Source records
== == ==

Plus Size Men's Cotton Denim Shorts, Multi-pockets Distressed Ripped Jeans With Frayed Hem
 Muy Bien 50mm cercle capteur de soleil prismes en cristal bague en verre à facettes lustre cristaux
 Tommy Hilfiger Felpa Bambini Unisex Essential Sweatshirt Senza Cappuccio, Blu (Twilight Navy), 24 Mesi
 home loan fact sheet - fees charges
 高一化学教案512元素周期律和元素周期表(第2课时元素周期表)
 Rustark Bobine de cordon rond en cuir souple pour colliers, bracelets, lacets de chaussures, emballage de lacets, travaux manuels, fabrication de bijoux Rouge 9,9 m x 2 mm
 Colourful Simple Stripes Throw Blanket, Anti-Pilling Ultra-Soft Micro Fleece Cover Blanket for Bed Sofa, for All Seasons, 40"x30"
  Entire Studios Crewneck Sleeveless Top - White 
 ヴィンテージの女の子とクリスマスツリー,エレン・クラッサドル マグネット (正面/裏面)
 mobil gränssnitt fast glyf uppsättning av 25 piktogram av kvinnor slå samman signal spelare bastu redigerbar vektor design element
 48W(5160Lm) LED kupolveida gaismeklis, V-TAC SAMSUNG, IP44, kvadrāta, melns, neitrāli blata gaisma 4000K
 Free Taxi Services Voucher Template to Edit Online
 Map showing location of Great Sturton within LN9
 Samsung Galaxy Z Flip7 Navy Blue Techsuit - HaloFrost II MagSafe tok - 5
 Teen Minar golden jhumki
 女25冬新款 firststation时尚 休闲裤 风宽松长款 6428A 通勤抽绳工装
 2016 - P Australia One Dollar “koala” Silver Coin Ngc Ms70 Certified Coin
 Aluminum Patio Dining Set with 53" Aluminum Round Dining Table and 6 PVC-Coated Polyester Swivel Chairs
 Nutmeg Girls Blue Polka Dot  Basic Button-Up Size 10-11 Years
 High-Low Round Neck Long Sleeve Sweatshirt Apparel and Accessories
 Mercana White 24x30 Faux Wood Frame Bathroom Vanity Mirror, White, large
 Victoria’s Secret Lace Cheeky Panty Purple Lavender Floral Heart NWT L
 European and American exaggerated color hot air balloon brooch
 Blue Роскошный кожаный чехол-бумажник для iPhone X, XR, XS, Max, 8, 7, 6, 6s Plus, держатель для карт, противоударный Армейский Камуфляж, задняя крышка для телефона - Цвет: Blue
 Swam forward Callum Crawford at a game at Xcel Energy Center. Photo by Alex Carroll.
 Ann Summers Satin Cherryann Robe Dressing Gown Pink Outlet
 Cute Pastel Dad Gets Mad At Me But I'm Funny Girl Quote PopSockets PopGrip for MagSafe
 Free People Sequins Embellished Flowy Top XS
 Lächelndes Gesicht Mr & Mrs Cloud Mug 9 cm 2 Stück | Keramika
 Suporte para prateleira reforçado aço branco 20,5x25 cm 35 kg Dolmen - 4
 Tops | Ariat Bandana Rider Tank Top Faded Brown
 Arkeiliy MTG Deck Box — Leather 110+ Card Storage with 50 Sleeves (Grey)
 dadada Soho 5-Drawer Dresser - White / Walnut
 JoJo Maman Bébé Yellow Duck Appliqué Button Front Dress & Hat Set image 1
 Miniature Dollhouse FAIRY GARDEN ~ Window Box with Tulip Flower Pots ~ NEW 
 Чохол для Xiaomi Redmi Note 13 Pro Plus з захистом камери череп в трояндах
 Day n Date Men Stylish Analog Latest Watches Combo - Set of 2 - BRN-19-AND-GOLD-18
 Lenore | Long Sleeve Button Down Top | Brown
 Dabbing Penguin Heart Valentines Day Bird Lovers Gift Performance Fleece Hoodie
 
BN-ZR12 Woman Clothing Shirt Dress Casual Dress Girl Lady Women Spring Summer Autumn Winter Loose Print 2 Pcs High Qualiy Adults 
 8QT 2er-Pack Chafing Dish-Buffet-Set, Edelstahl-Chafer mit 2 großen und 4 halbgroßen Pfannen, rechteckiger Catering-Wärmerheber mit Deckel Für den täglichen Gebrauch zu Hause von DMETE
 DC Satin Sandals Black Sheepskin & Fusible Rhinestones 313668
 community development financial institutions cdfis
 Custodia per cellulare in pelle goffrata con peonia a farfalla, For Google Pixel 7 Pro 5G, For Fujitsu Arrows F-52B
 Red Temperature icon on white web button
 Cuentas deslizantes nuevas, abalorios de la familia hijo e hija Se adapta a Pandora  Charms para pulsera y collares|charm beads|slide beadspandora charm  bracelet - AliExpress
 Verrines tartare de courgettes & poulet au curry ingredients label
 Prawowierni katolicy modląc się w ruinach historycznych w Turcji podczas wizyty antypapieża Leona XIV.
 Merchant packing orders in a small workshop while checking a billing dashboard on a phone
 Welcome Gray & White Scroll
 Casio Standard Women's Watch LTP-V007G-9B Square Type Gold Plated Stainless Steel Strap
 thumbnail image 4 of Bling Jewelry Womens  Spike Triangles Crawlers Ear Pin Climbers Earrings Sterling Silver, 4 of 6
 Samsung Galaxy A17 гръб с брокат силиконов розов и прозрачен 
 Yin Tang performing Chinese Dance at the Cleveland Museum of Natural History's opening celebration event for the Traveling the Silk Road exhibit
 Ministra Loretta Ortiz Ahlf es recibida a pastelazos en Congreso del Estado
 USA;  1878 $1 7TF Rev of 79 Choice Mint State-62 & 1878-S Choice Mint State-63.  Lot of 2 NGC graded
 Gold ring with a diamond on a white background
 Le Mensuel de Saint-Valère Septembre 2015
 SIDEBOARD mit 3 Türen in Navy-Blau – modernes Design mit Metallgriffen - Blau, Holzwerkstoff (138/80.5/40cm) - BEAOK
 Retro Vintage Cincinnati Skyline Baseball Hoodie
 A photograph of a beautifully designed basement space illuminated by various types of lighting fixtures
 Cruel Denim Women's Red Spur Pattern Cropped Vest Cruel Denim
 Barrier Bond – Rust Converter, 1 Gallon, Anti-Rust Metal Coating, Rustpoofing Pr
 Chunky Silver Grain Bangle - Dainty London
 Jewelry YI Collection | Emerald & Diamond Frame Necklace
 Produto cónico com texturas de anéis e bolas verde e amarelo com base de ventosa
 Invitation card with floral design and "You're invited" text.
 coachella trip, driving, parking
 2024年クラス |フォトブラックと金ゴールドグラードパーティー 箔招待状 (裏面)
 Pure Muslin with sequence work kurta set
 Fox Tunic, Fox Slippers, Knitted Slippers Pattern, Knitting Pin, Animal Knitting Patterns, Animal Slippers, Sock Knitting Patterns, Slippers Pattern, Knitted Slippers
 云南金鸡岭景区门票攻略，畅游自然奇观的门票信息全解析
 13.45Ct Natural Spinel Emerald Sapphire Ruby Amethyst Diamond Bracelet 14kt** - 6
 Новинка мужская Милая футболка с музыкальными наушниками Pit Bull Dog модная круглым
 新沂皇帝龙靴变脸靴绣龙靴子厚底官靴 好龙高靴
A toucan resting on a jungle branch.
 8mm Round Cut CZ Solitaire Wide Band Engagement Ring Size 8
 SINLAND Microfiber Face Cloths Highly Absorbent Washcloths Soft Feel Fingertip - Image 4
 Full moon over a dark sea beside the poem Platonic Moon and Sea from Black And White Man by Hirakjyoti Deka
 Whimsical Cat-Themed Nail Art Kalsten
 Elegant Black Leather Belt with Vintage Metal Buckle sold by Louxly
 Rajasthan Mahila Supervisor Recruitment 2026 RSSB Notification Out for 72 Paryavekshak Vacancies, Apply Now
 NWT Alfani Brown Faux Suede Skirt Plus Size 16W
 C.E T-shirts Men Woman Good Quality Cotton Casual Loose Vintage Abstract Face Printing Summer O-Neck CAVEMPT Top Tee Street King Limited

== == ==

▶ **TASK INSTRUCTIONS**
For this exercise, output the entries above exactly as written.

▶ **FINISHED EXERCISE**
Plus Size Men's Cotton Denim Shorts, Multi-pockets Distressed Ripped Jeans With Frayed Hem
 Muy Bien 50mm cercle capteur de soleil prismes en cristal bague en verre à facettes lustre cristaux
 Tommy Hilfiger Felpa Bambini Unisex Essential Sweatshirt Senza Cappuccio, Blu (Twilight Navy), 24 Mesi
 home loan fact sheet - fees charges
 高一化学教案512元素周期律和元素周期表(第2课时元素周期表)
 Rustark Bobine de cordon rond en cuir souple pour colliers, bracelets, lacets de chaussures, emballage de lacets, travaux manuels, fabrication de bijoux Rouge 9,9 m x 2 mm
 Colourful Simple Stripes Throw Blanket, Anti-Pilling Ultra-Soft Micro Fleece Cover Blanket for Bed Sofa, for All Seasons, 40"x30"
  Entire Studios Crewneck Sleeveless Top - White 
 ヴィンテージの女の子とクリスマスツリー,エレン・クラッサドル マグネット (正面/裏面)
 mobil gränssnitt fast glyf uppsättning av 25 piktogram av kvinnor slå samman signal spelare bastu redigerbar vektor design element
 48W(5160Lm) LED kupolveida gaismeklis, V-TAC SAMSUNG, IP44, kvadrāta, melns, neitrāli blata gaisma 4000K
 Free Taxi Services Voucher Template to Edit Online
 Map showing location of Great Sturton within LN9
 Samsung Galaxy Z Flip7 Navy Blue Techsuit - HaloFrost II MagSafe tok - 5
 Teen Minar golden jhumki
 女25冬新款 firststation时尚 休闲裤 风宽松长款 6428A 通勤抽绳工装
 2016 - P Australia One Dollar “koala” Silver Coin Ngc Ms70 Certified Coin
 Aluminum Patio Dining Set with 53" Aluminum Round Dining Table and 6 PVC-Coated Polyester Swivel Chairs
 Nutmeg Girls Blue Polka Dot  Basic Button-Up Size 10-11 Years
 High-Low Round Neck Long Sleeve Sweatshirt Apparel and Accessories
 Mercana White 24x30 Faux Wood Frame Bathroom Vanity Mirror, White, large
 Victoria’s Secret Lace Cheeky Panty Purple Lavender Floral Heart NWT L
 European and American exaggerated color hot air balloon brooch
 Blue Роскошный кожаный чехол-бумажник для iPhone X, XR, XS, Max, 8, 7, 6, 6s Plus, держатель для карт, противоударный Армейский Камуфляж, задняя крышка для телефона - Цвет: Blue
 Swam forward Callum Crawford at a game at Xcel Energy Center. Photo by Alex Carroll.
 Ann Summers Satin Cherryann Robe Dressing Gown Pink Outlet
 Cute Pastel Dad Gets Mad At Me But I'm Funny Girl Quote PopSockets PopGrip for MagSafe
 Free People Sequins Embellished Flowy Top XS
 Lächelndes Gesicht Mr & Mrs Cloud Mug 9 cm 2 Stück | Keramika
 Suporte para prateleira reforçado aço branco 20,5x25 cm 35 kg Dolmen - 4
 Tops | Ariat Bandana Rider Tank Top Faded Brown
 Arkeiliy MTG Deck Box — Leather 110+ Card Storage with 50 Sleeves (Grey)
 dadada Soho 5-Drawer Dresser - White / Walnut
 JoJo Maman Bébé Yellow Duck Appliqué Button Front Dress & Hat Set image 1
 Miniature Dollhouse FAIRY GARDEN ~ Window Box with Tulip Flower Pots ~ NEW 
 Чохол для Xiaomi Redmi Note 13 Pro Plus з захистом камери череп в трояндах
 Day n Date Men Stylish Analog Latest Watches Combo - Set of 2 - BRN-19-AND-GOLD-18
 Lenore | Long Sleeve Button Down Top | Brown
 Dabbing Penguin Heart Valentines Day Bird Lovers Gift Performance Fleece Hoodie
 
BN-ZR12 Woman Clothing Shirt Dress Casual Dress Girl Lady Women Spring Summer Autumn Winter Loose Print 2 Pcs High Qualiy Adults 
 8QT 2er-Pack Chafing Dish-Buffet-Set, Edelstahl-Chafer mit 2 großen und 4 halbgroßen Pfannen, rechteckiger Catering-Wärmerheber mit Deckel Für den täglichen Gebrauch zu Hause von DMETE
 DC Satin Sandals Black Sheepskin & Fusible Rhinestones 313668
 community development financial institutions cdfis
 Custodia per cellulare in pelle goffrata con peonia a farfalla, For Google Pixel 7 Pro 5G, For Fujitsu Arrows F-52B
 Red Temperature icon on white web button
 Cuentas deslizantes nuevas, abalorios de la familia hijo e hija Se adapta a Pandora  Charms para pulsera y collares|charm beads|slide beadspandora charm  bracelet - AliExpress
 Verrines tartare de courgettes & poulet au curry ingredients label
 Prawowierni katolicy modląc się w ruinach historycznych w Turcji podczas wizyty antypapieża Leona XIV.
 Merchant packing orders in a small workshop while checking a billing dashboard on a phone
 Welcome Gray & White Scroll
 Casio Standard Women's Watch LTP-V007G-9B Square Type Gold Plated Stainless Steel Strap
 thumbnail image 4 of Bling Jewelry Womens  Spike Triangles Crawlers Ear Pin Climbers Earrings Sterling Silver, 4 of 6
 Samsung Galaxy A17 гръб с брокат силиконов розов и прозрачен 
 Yin Tang performing Chinese Dance at the Cleveland Museum of Natural History's opening celebration event for the Traveling the Silk Road exhibit
 Ministra Loretta Ortiz Ahlf es recibida a pastelazos en Congreso del Estado
 USA;  1878 $1 7TF Rev of 79 Choice Mint State-62 & 1878-S Choice Mint State-63.  Lot of 2 NGC graded
 Gold ring with a diamond on a white background
 Le Mensuel de Saint-Valère Septembre 2015
 SIDEBOARD mit 3 Türen in Navy-Blau – modernes Design mit Metallgriffen - Blau, Holzwerkstoff (138/80.5/40cm) - BEAOK
 Retro Vintage Cincinnati Skyline Baseball Hoodie
 A photograph of a beautifully designed basement space illuminated by various types of lighting fixtures
 Cruel Denim Women's Red Spur Pattern Cropped Vest Cruel Denim
 Barrier Bond – Rust Converter, 1 Gallon, Anti-Rust Metal Coating, Rustpoofing Pr
 Chunky Silver Grain Bangle - Dainty London
 Jewelry YI Collection | Emerald & Diamond Frame Necklace
 Produto cónico com texturas de anéis e bolas verde e amarelo com base de ventosa
 Invitation card with floral design and "You're invited" text.
 coachella trip, driving, parking
 2024年クラス |フォトブラックと金ゴールドグラードパーティー 箔招待状 (裏面)
 Pure Muslin with sequence work kurta set
 Fox Tunic, Fox Slippers, Knitted Slippers Pattern, Knitting Pin, Animal Knitting Patterns, Animal Slippers, Sock Knitting Patterns, Slippers Pattern, Knitted Slippers
 云南金鸡岭景区门票攻略，畅游自然奇观的门票信息全解析
 13.45Ct Natural Spinel Emerald Sapphire Ruby Amethyst Diamond Bracelet 14kt** - 6
 Новинка мужская Милая футболка с музыкальными наушниками Pit Bull Dog модная круглым
 新沂皇帝龙靴变脸靴绣龙靴子厚底官靴 好龙高靴
A toucan resting on a jungle branch.
 8mm Round Cut CZ Solitaire Wide Band Engagement Ring Size 8
 SINLAND Microfiber Face Cloths Highly Absorbent Washcloths Soft Feel Fingertip - Image 4
 Full moon over a dark sea beside the poem Platonic Moon and Sea from Black And White Man by Hirakjyoti Deka
 Whimsical Cat-Themed Nail Art Kalsten
 Elegant Black Leather Belt with Vintage Metal Buckle sold by Louxly
 Rajasthan Mahila Supervisor Recruitment 2026 RSSB Notification Out for 72 Paryavekshak Vacancies, Apply Now
 NWT Alfani Brown Faux Suede Skirt Plus Size 16W
 C.E T-shirts Men Woman Good Quality Cotton Casual Loose Vintage Abstract Face Printing Summer O-Neck CAVEMPT Top Tee Street King Limited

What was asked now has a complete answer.